Les Préfets tuteurs de ces établissements devront approuver ces attributions ainsi que nous l’avons indiqué. Leur rôle se bornera à examiner si la présente loi a été observée et si le principe de la spécialité est respecté. Il convient de faire deux remarques sur le texte même adopté par votre Commission. Elle a cru devoir admettre les établissements d’utilité publique à bénéficier des attributions faites en vertu de l’article 5. Les biens charitables ou autres ont été, en effet, confiés aux établissements ecclésiastiques par des donateurs ou légataires qui ont évidemment désiré, par une telle mesure, les affecter au profit de leurs coreligionnaires. Les adeptes de chaque culte ayant fondé un assez grand nombre d’œuvres reconnues d’utilité publique, il sera possible dans presque tous les cas, de respecter la pensée et la volonté des donateurs des biens dévolus.
Il faut observer aussi que l’article 3 ne limite pas aux établissements publics ou d’utilité publique, situés dans la circonscription ou les circonscriptions voisines de celles des établissements des cultes, le bénéfice de ses dispositions. C’est une facilité de plus donnée aux établissements publics des cultes de conserver aux biens qu’ils ne peuvent transmettre aux associations cultuelles leur destination intégrale.
Tous ces biens seront recueillis aussi, grevés de toutes les charges et obligations dont ils étaient affectés antérieurement à leur transmission.
Tel est le mode de dévolution des biens composant aujourd’hui le patrimoine des établissements ecclésiastiques. Il sera effectué dans les conditions que nous venons de préciser.
Il restait cependant à prévoir deux cas. Fallait-il admettre les actions en reprise ou revendication des biens donnés ou légués? Votre Commission a adopté la solution libérale; elle a reconnu la légitimité de ces actions. La loi de 1901 sur les associations avait pris une disposition semblable à propos des biens possédés par les congrégations. Le projet pose cependant une condition et une restriction au droit de revendication: en ce qui concerne les biens grevés d’une affectation charitable, ou de tout autre affectation étrangère à l’exercice du culte, l’action doit être exercée dans les six mois à dater du jour de la dévolution. Il eût été fâcheux de laisser trop longtemps les établissements qui recevront ces biens sous la menace d’une dépossession éventuelle au profit des donateurs ou de leurs héritiers.
L’action en revendication ne peut être intentée que par les auteurs mêmes de la donation ou par leurs héritiers en ligne directe.
Pour les auteurs, c’était le droit commun; pour leurs héritiers on a admis qu’ils continuaient en quelque sorte leurs personnes. Mais les simples légataires ou héritiers en ligne collatérale n’ont pas le même caractère. C’eût été ouvertement violer la volonté expresse du donateur ou du testateur que d’attribuer à ces collatéraux des biens dont leurs auteurs les avaient délibérément privés pour leur donner une destination bienfaisante.

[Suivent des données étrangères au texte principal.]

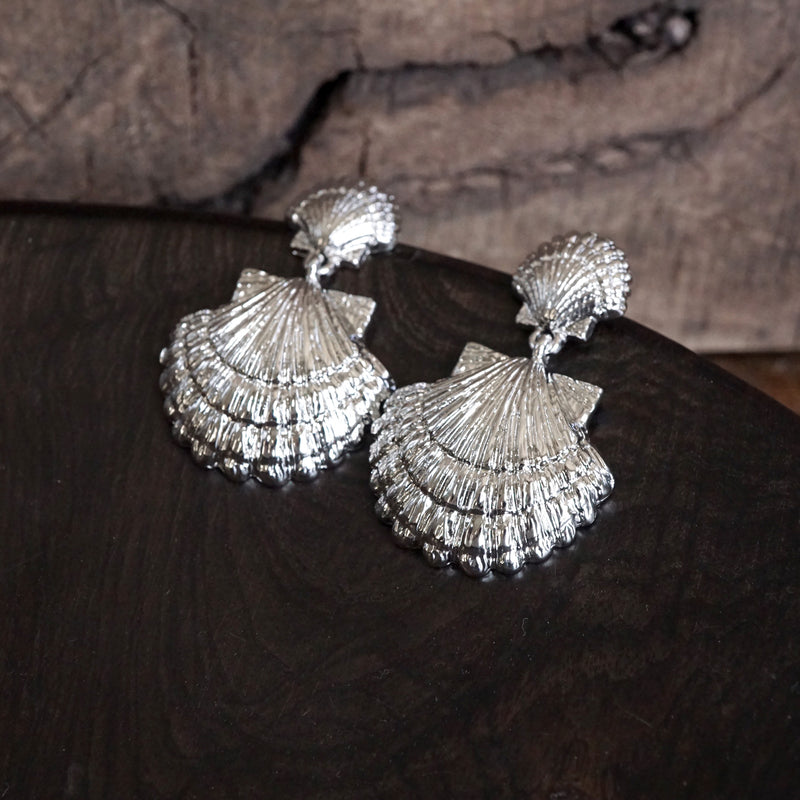 Sea Life Coastal Shells Earrings – Silver Tone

En dehors de ces conditions, le projet de loi ne soumet à aucune disposition spéciale la revendication éventuelle des dons et legs à la suite de la transmission des biens des établissements ecclésiastiques. Le droit commun s’appliquera, et il appartiendra aux tribunaux, suivant les circonstances de chaque espèce, de décider si, alors que les charges et conditions continuent à être exécutées et qu’il s’est produit seulement un changement dans la personne morale chargée d’y pourvoir, il y a cependant matière à révocation.
Nous savons déjà que si plusieurs associations cultuelles sérieuses se forment, elles pourront réclamer devant le tribunal civil tout ou partie des biens attribués par l’établissement public du culte à l’une d’elles. Le tribunal appréciera, en fait, quelle est celle, ou quelles sont celles, qui représentent véritablement la collectivité des fidèles pratiquant le même culte.

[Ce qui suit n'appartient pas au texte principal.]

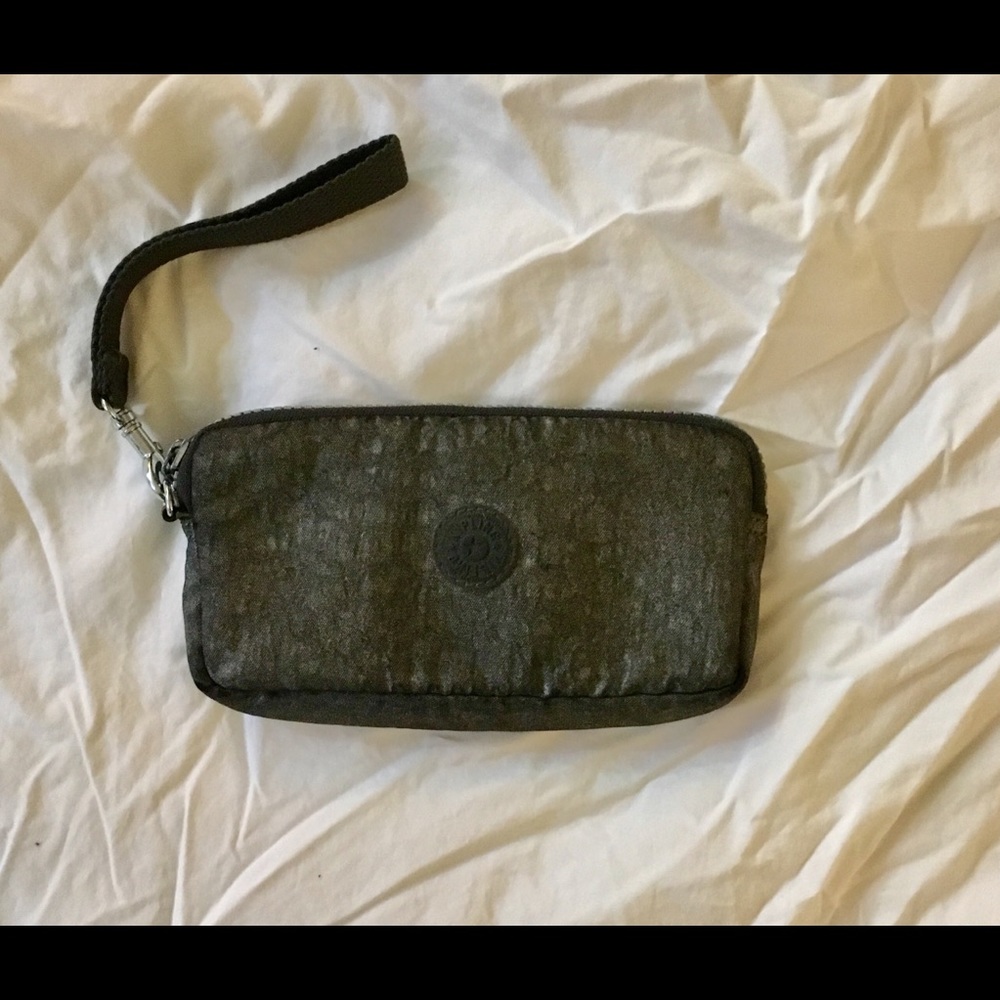 Kipling Bernard Wristlet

Mais cette hypothèse ne doit pas être seulement prévue pour le lendemain de la promulgation de la loi. Il peut arriver aussi que, dans la suite, une scission se produise dans une association cultuelle et donne naissance à un conflit pour la possession et la jouissance des biens. La loi serait incomplète si elle ne prévoyait pas une aussi grave difficulté et n’indiquait pas un juge pour la trancher. Ce sera encore le tribunal civil qui statuera en pareil cas sur les éléments d’appréciation que nous avons indiqués plus haut.